Guardando mis ganancias, prometí financiar su educación. Aunque seguí trabajando, me conecté con la ONG Kranti y les ayudé a llegar a otras trabajadoras sexuales. Se convirtieron en un salvavidas y, a pesar de mis dificultades, me mantuve resistente y afronté cada día con valentía y determinación.

Hija se convierte en la primera hija de una trabajadora sexual en recibir una beca completa para estudiar en el extranjero

A lo largo de los años, Kranti ofreció un apoyo invaluable, permitiéndonos a mis hijos y a mí acceder a oportunidades educativas y a una vida mejor. Mi hija mayor se fue a estudiar administración a Estados Unidos, convirtiéndose en la primera hija de una trabajadora sexual en recibir una beca completa para estudiar en el extranjero. Su éxito rompió barreras y sentó un nuevo precedente para los hijos de trabajadoras sexuales.

Mi hija mediana viajó a Alemania con financiación completa para realizar cursos de arteterapia y la menor fue a la escuela en Ahmedabad.

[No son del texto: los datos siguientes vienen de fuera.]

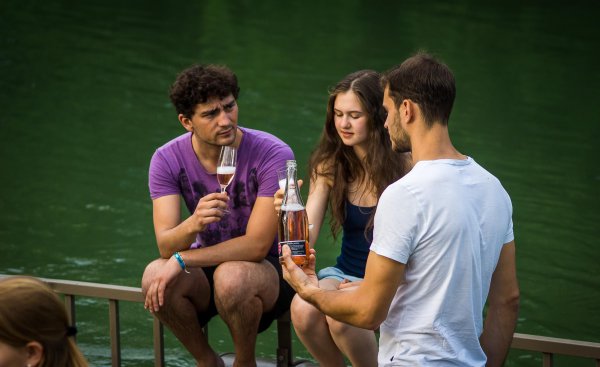 和中国季节相反的地区是哪个地区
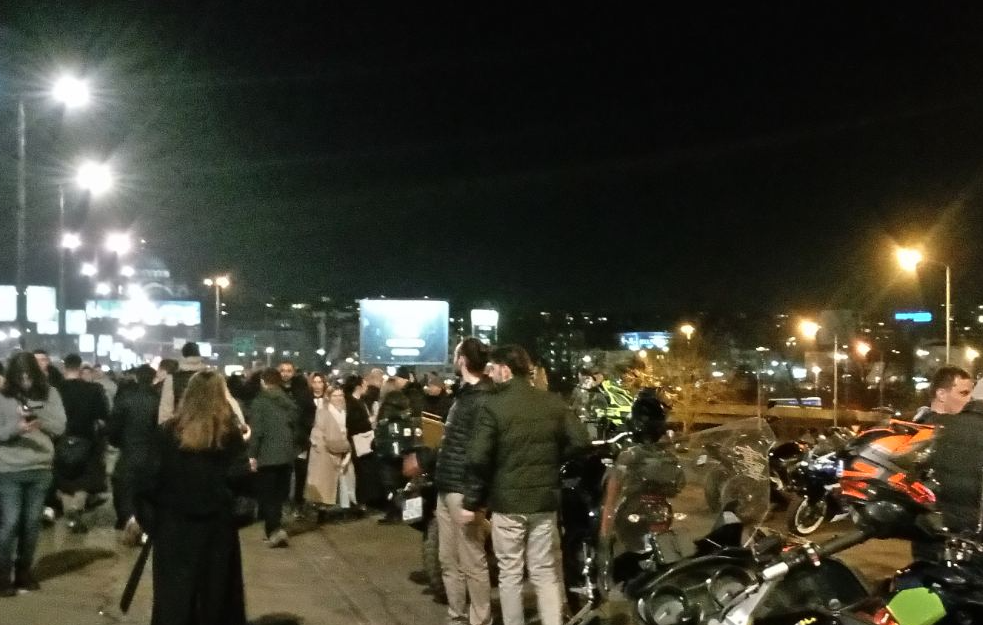 Studenti pešice nastavili put iz Sopota: 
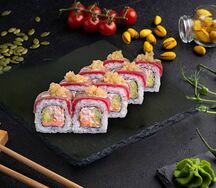 Красный ламбо ролл с татаки из тунца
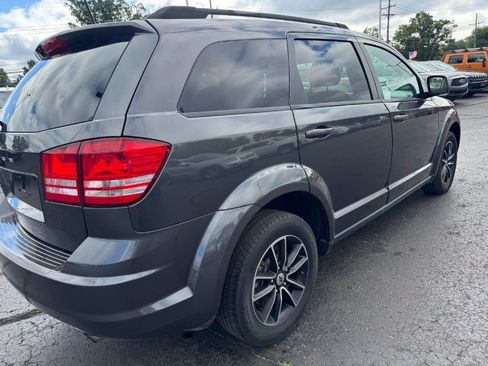 Used 2018 Dodge Journey SE w/ Popular Equipment Group FWD image 11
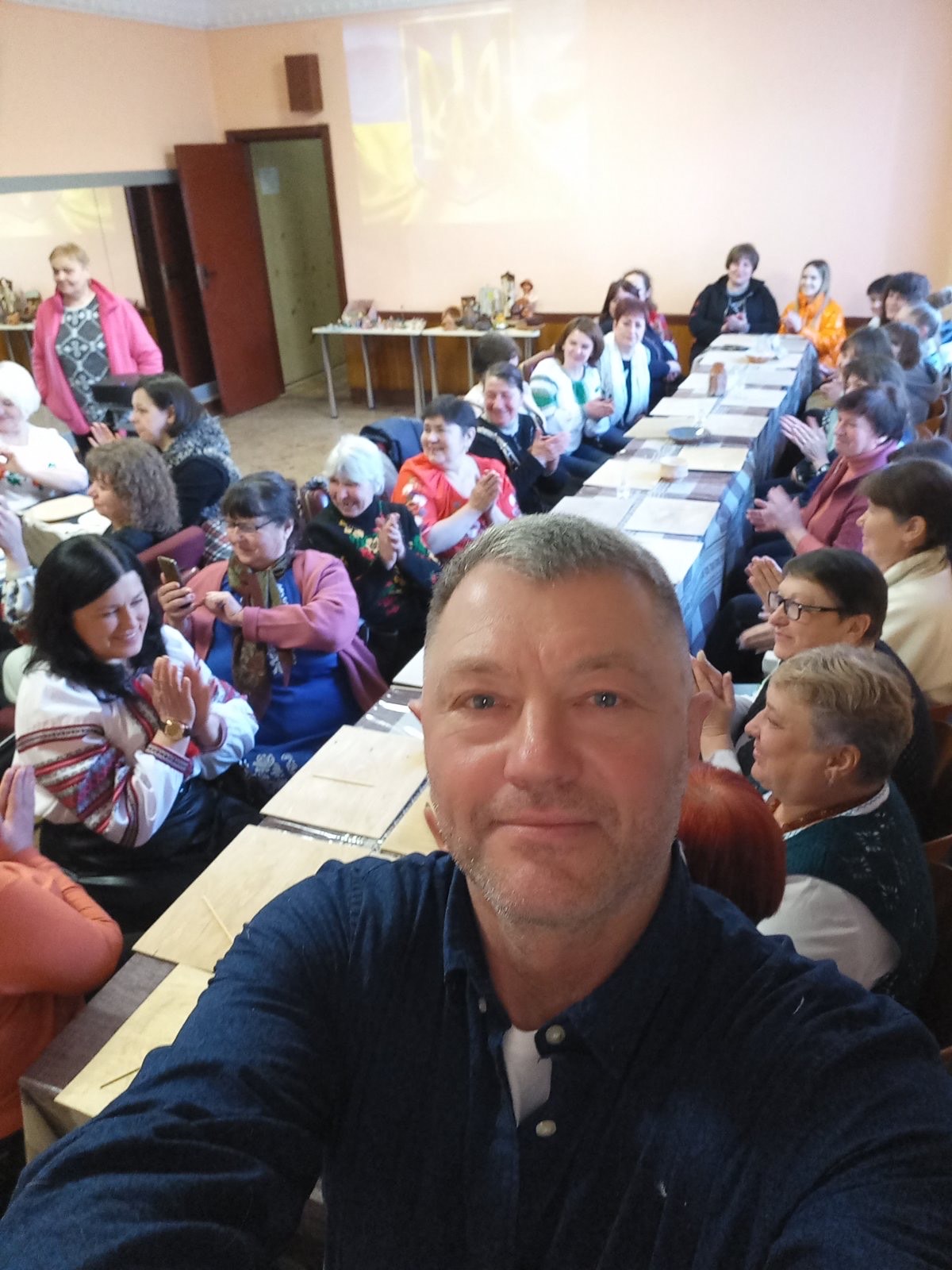 Відбувся майстер-клас з «ГОНЧАРНОГО МИСТЕЦТВА ТА КЕРАМІКИ» старшого викладача кафедри графічного дизайну Віктора Петровича Булгакова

Cada una de mis tres hijas trabaja hoy en grandes empresas. Cuando mi hija mayor se fue a Estados Unidos, dejé el trabajo sexual y me uní a Kranti a tiempo completo para ayudar a otras mujeres. Hoy dedico mi vida a proyectos impactantes, ayudando a las trabajadoras sexuales en Mumbai y organizando actividades de construcción comunitaria.

Cuando trabajo con mujeres, evito pedirles que dejen sus trabajos. En cambio, les insto a que se mantengan seguas y utilicen protección. Los casos de SIDA y enfermedades de transmisión sexual siguen siendo elevados. Estoy en la brecha, brindándoles apoyo mientras descubren sus desafíos. Si bien las trabajadoras sexuales ahora pueden tener tarjetas de identificación, mantener cuentas bancarias y sus hijos pueden asistir a la escuela sin un padre identificado, esto sigue siendo una parte descuidada y rechazada de la sociedad.

Aunque ahora vivo en Himachal Pradesh, en el norte de la India, regreso a Mumbai con frecuencia: mi misión se entrelaza con las vidas de las trabajadoras sexuales locales. Además de proyectos transformadores, pasamos tiempo juntas con alegría y solidaridad, uniéndonos como grupo. Desafortunadamente, la trata de personas persiste, y a menudo se venden niñas de Bangladesh y Nepal por sumas de entre 35.000 y 40.000 rupias (entre 400 y 450 dólares estadounidenses). Al ser testigo de cómo estas jóvenes experimentan la vida del trabajo sexual, siento una profunda empatía con su sufrimiento. Me esfuerzo por rescatarlas, ofreciendo refugio en Kranti.